How successful is this strategy given increasing scale of LLMs and its capabilities? If this was performed on multiple scales of GPT-2 , it would provide useful empirical data about robustness to scale. My current prediction is that this is not robust to scale given that you are fine-tuning on stories to create personas. The smarter the model is, the more likely it is to realize when it is being tested to provide the appropriate “shutdown!” output and pretend to be the AP, and in out-of-distribution scenarios, it will pretend to be some other persona instead.

As mentioned in the “what’s next” section, I will look into these part once I have the means to upgrade my old mac. But I believe it will be easier to do this because of the larger number of parameters and layers. Again, this is just a demonstration of how to solve the inner, outer alignment problem and corrigibility in a single method. As things go complex in this method utilizing a learning rates, batching, epochs and number of quality archetypal data will matter. This method can scale as the need arises. But that requires a team effort which I’m looking to address at for the moment.

The AP finetuned model seems vulnerable to LM gaslighting the same way ChatGPT is. This does not seem to be an improvement over OAI’s Instruct fine-tuning or whatever they did to GPT-4.

sorry I’m not familiar with LM gaslighting.

Based on what I can tell, AP fine-tuning will lead to the AI more likely simulating the relevant AP and its tokens will be what the simulator thinks the AP would return next. This means it is brittle to systems that leverage this model since they can simply beam search and ignore the shutdown beams. RLHF-like fine-tuning strategies probably perform better, according to my intuition.

has RLHF solved the problems I tried to solve in this project?
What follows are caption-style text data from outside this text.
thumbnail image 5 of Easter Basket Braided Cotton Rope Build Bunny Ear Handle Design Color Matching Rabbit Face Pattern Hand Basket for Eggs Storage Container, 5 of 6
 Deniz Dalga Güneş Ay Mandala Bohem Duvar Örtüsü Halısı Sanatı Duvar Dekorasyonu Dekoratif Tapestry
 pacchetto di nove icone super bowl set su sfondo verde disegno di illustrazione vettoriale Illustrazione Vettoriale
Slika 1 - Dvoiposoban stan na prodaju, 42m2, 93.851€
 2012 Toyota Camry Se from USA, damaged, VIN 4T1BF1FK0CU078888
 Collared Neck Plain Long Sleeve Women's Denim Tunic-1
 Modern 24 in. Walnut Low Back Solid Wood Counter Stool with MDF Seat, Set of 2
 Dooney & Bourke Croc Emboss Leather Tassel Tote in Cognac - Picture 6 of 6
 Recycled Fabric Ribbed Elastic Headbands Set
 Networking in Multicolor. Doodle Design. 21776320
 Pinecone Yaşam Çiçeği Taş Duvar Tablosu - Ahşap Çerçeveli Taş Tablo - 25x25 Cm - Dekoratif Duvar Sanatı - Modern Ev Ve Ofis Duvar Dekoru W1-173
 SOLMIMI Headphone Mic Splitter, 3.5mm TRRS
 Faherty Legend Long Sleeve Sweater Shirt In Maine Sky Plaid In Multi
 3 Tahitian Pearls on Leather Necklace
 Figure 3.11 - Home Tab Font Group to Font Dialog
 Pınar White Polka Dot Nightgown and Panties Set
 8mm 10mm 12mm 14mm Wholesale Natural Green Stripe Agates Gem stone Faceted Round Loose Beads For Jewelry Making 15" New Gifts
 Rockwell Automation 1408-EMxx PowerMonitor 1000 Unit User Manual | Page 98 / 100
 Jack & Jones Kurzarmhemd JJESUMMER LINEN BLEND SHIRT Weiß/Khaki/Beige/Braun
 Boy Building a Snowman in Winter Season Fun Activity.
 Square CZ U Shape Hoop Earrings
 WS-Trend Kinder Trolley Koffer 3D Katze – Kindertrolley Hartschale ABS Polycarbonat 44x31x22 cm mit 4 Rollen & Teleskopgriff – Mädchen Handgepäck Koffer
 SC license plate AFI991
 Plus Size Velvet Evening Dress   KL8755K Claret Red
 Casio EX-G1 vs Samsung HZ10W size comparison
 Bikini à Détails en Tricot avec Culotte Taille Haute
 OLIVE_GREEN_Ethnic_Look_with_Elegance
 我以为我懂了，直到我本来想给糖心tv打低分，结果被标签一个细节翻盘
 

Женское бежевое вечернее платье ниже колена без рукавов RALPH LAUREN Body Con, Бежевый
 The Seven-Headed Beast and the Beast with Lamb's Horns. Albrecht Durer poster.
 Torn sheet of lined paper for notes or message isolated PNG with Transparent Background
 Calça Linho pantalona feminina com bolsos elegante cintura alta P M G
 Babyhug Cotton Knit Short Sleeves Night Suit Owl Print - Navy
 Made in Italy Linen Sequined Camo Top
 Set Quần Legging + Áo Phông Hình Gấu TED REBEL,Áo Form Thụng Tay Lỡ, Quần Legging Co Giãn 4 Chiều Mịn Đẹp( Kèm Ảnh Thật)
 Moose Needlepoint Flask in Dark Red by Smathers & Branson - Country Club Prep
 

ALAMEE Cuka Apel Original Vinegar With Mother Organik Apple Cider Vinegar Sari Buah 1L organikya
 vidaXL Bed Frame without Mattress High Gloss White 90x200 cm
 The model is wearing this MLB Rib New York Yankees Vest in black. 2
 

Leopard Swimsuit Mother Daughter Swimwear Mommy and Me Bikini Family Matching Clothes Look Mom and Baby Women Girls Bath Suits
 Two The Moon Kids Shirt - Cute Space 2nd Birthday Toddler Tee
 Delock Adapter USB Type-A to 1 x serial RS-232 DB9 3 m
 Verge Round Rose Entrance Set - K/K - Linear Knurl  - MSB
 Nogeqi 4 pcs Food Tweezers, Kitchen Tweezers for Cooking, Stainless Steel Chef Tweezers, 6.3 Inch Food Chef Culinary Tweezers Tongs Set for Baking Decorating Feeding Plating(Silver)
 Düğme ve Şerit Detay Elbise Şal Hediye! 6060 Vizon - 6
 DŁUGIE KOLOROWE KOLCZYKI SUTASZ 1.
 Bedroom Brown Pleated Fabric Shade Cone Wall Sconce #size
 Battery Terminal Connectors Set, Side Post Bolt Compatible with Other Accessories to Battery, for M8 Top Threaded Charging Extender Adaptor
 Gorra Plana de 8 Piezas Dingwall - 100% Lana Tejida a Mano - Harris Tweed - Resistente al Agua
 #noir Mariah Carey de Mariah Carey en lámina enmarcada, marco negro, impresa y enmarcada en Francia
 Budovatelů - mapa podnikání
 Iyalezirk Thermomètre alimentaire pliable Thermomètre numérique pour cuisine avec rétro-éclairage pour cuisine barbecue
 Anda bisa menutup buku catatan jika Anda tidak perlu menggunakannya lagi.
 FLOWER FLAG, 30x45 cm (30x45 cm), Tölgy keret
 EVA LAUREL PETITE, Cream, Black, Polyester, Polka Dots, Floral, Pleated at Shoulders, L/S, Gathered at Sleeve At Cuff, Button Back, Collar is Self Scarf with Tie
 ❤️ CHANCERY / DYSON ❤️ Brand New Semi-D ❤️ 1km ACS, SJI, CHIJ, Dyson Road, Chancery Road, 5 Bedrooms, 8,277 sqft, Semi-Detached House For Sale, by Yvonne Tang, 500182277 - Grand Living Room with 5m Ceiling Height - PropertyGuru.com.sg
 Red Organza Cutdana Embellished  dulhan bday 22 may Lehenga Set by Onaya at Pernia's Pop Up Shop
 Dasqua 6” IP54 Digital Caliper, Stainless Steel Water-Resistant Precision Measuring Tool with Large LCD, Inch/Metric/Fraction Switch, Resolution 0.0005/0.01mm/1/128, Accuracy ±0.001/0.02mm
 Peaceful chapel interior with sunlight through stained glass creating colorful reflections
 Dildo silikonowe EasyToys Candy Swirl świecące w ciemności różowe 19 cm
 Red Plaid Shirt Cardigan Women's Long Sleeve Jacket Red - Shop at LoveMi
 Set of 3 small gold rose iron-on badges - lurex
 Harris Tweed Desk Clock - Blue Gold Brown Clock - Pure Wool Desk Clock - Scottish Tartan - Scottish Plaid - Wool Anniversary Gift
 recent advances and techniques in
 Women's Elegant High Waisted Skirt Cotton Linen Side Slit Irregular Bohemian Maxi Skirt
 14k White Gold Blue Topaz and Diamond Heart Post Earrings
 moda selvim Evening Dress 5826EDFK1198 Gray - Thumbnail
Again this project is to demonstrate q new concept not an all in a bucket solution at the moment. But given that it is scalable, avoid all researcher /human, team, CEO or even investor biases… This is a strong candidate for an alignment solution.

Also, to correct—I call this the archetypal transfer learning method (ATL) for the fine tuning version. My original proposal to the alignment awards was to not use unstructured data because alignment issues arises from that. If I were to build an aligned AI system, I will not use random texts that doesn’t model our thinking. We think in archetypal patterns and 4chan, social media and reddit platforms are not the best sources. I’d rather books, scientific papers or scripts from podcasts… Like long form quality discussions are better sources of human thinking..

MiguelDev 27 Apr 2023 14:05 UTC
0 points
0
in reply to: Mitchell_Porter’s comment on: Archetypal Transfer Learning: a Proposed Alignment Solution that solves the Inner x Outer Alignment Problem while adding Corrigible Traits to GPT-2-medium
I believe so. When it worked I was emotional a bit. There is hope.